Information shown:
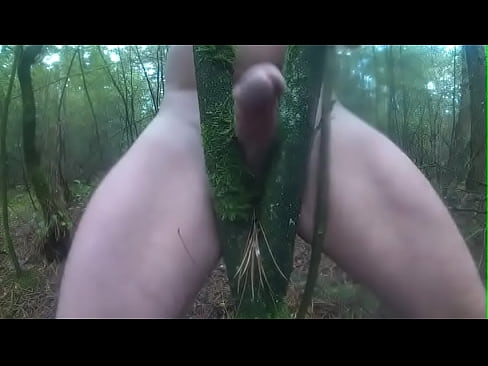 fuck tree deep forest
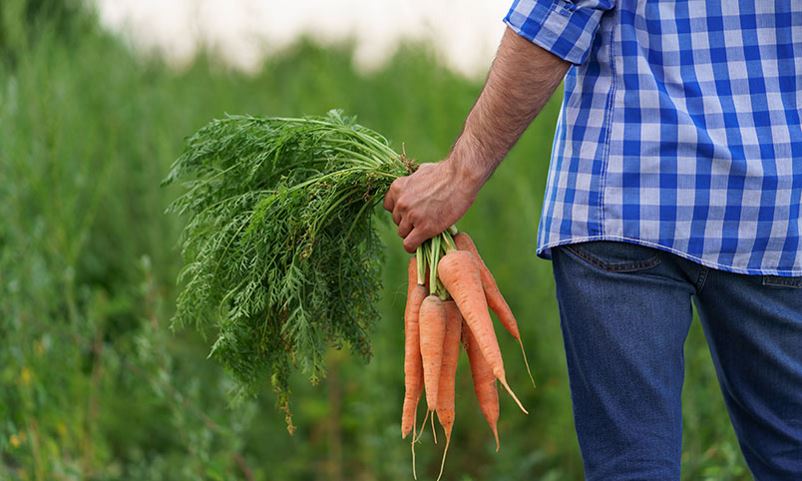 where does food come from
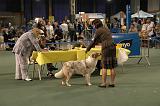 IMG_2294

Brief: Copy out all the data exactly. The images should not appear in the copy.

Result for this exercise:
 fuck tree deep forest
 where does food come from
 IMG_2294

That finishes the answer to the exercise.